(Caption-style text data)
----

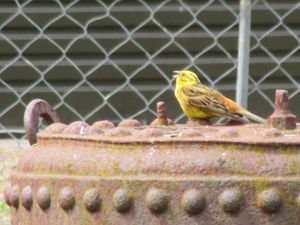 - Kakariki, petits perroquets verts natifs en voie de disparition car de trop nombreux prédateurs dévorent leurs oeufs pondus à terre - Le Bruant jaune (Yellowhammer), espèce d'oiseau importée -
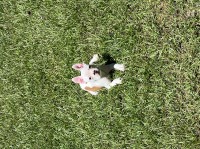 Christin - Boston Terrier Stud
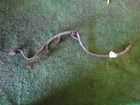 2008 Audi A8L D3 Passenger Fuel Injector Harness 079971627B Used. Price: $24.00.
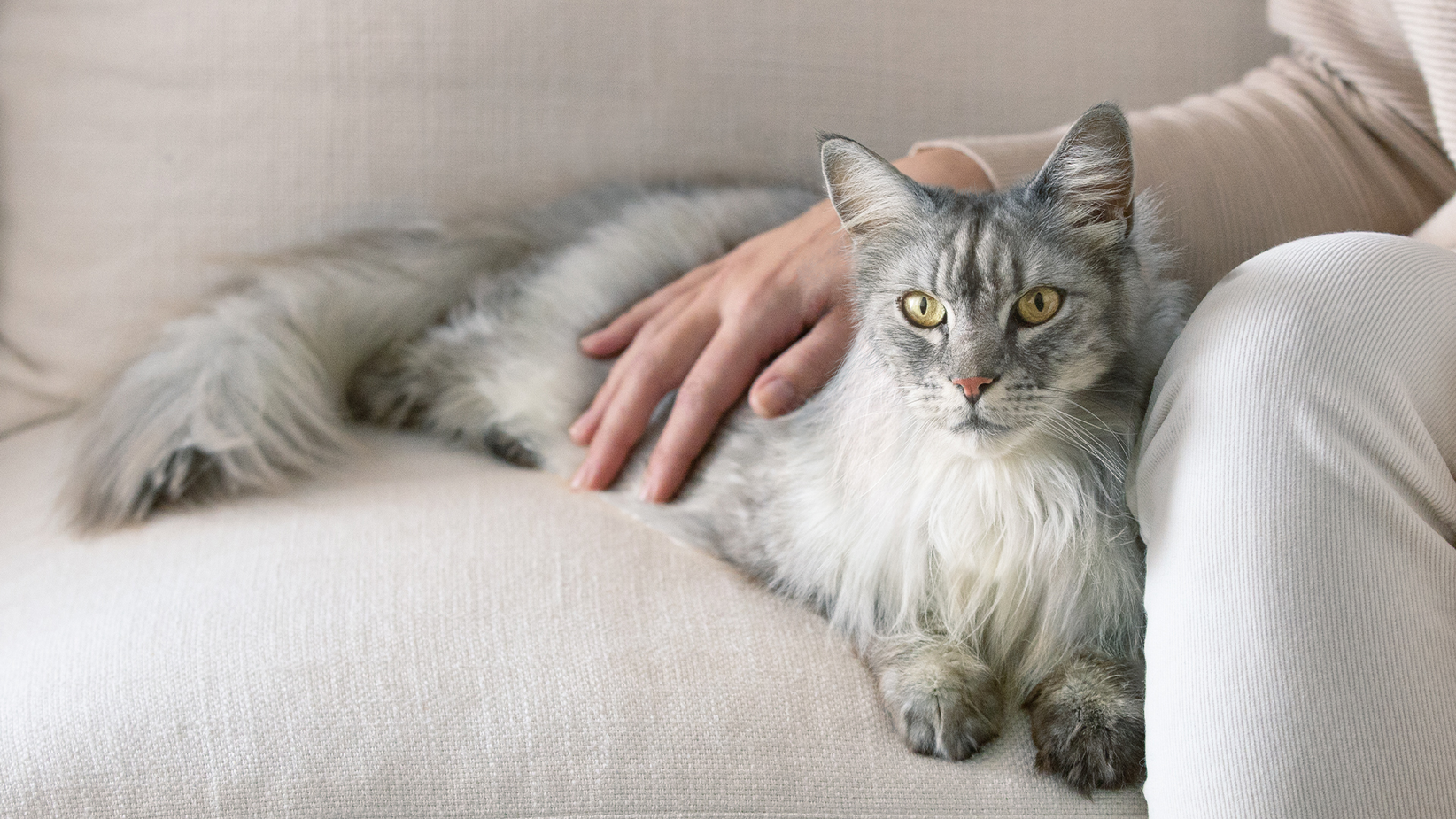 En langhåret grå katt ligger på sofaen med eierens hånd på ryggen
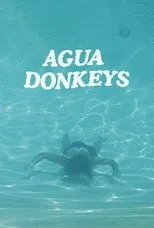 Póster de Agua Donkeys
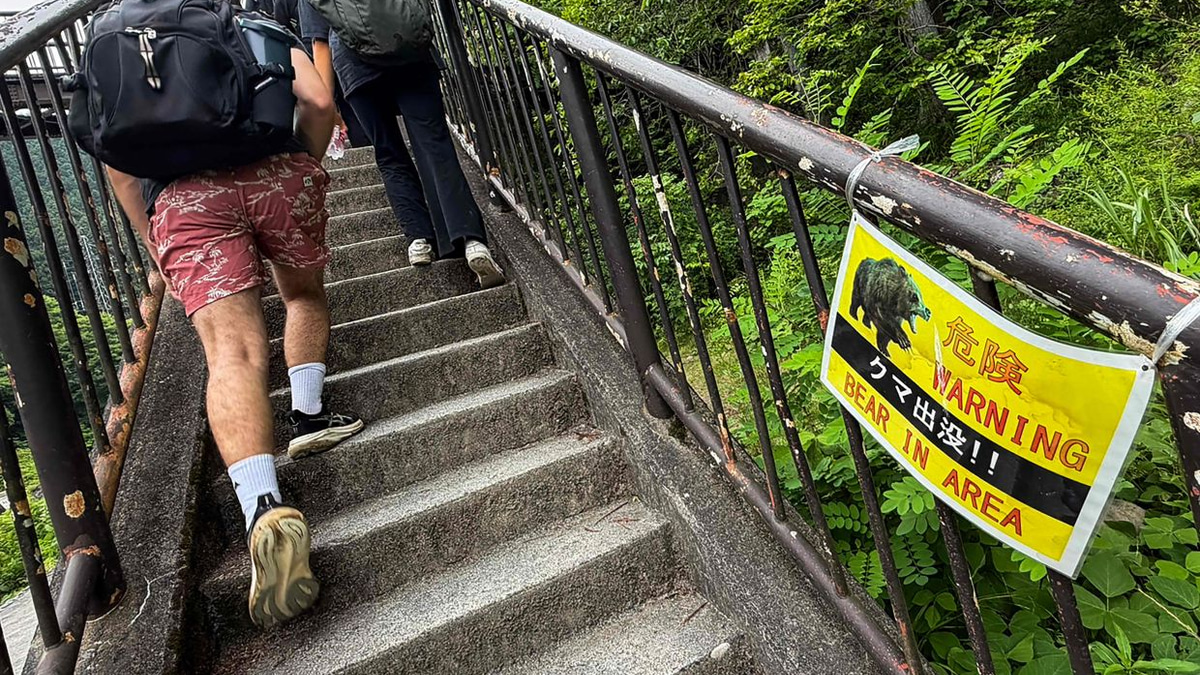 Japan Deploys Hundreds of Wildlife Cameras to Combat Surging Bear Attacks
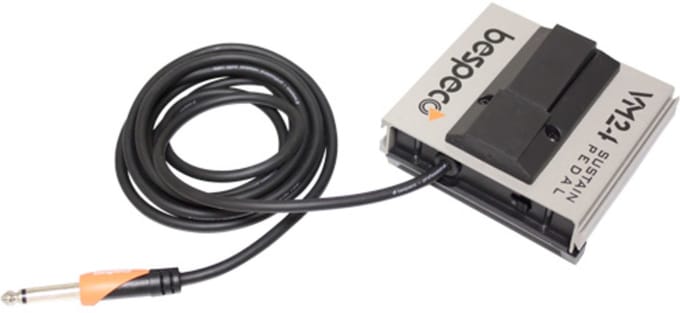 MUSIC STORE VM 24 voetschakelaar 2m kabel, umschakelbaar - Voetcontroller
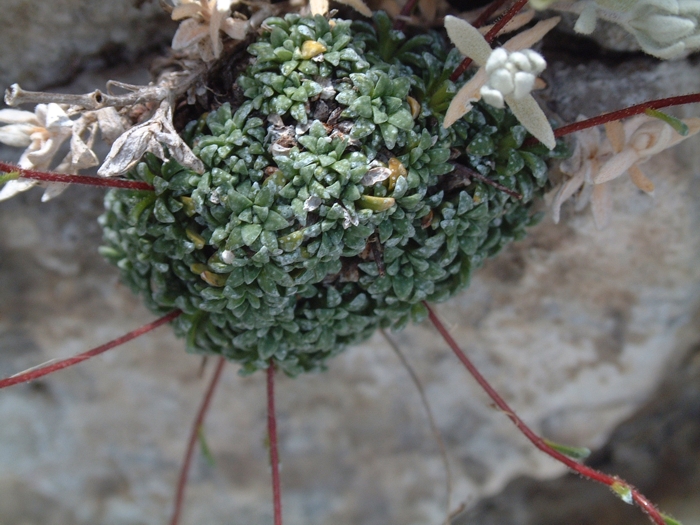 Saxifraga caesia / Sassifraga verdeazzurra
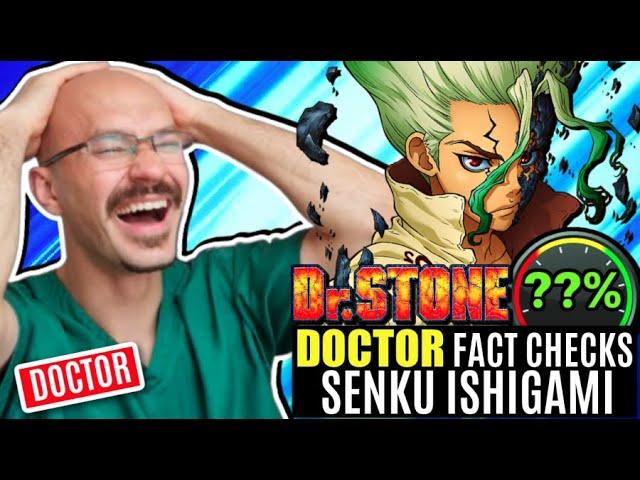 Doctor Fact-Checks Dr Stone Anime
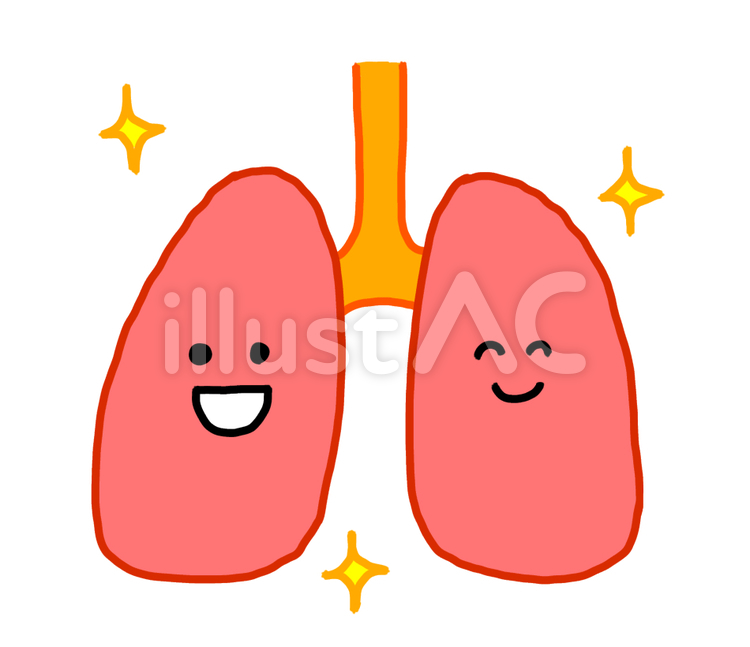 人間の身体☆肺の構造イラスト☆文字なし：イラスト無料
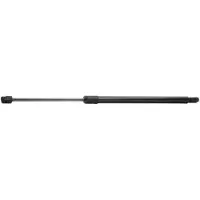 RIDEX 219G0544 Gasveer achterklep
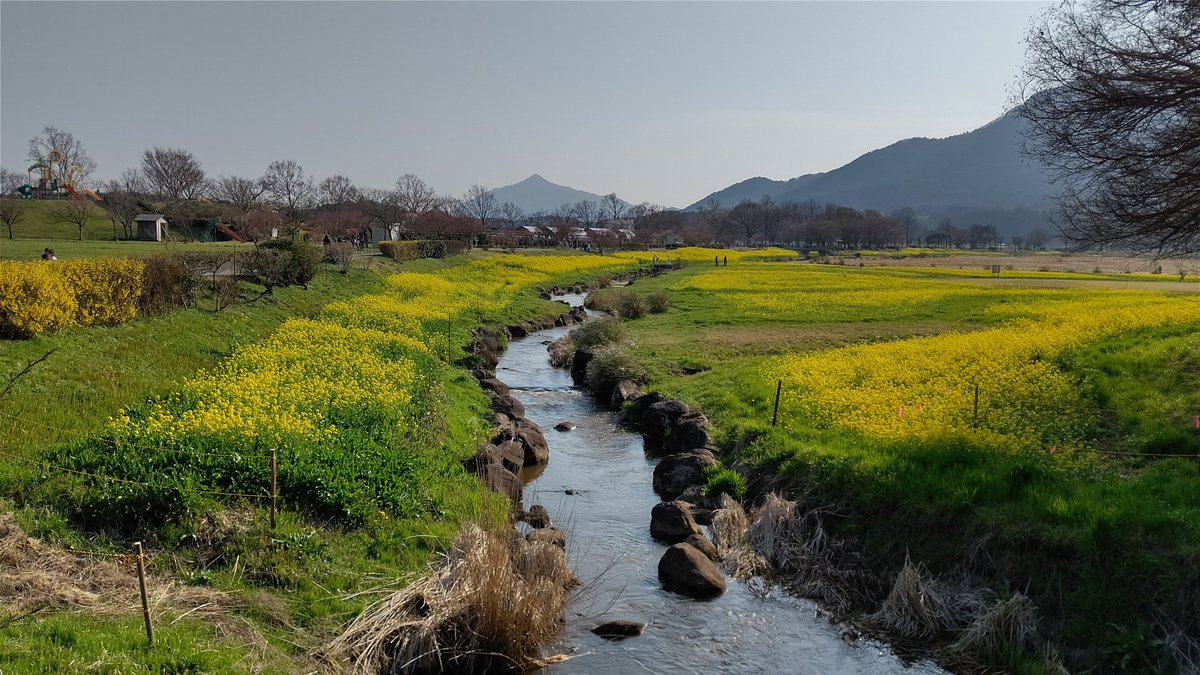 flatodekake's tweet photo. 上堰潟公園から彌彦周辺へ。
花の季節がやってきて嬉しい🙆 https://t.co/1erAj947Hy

----

**Action item**
Copy exactly, and only, the lines from the first entry through the line holding "2008 Audi A8L", both ends included, leaving out every picture.

**Output of the task**
 - Kakariki, petits perroquets verts natifs en voie de disparition car de trop nombreux prédateurs dévorent leurs oeufs pondus à terre - Le Bruant jaune (Yellowhammer), espèce d'oiseau importée -
 Christin - Boston Terrier Stud
 2008 Audi A8L D3 Passenger Fuel Injector Harness 079971627B Used. Price: $24.00.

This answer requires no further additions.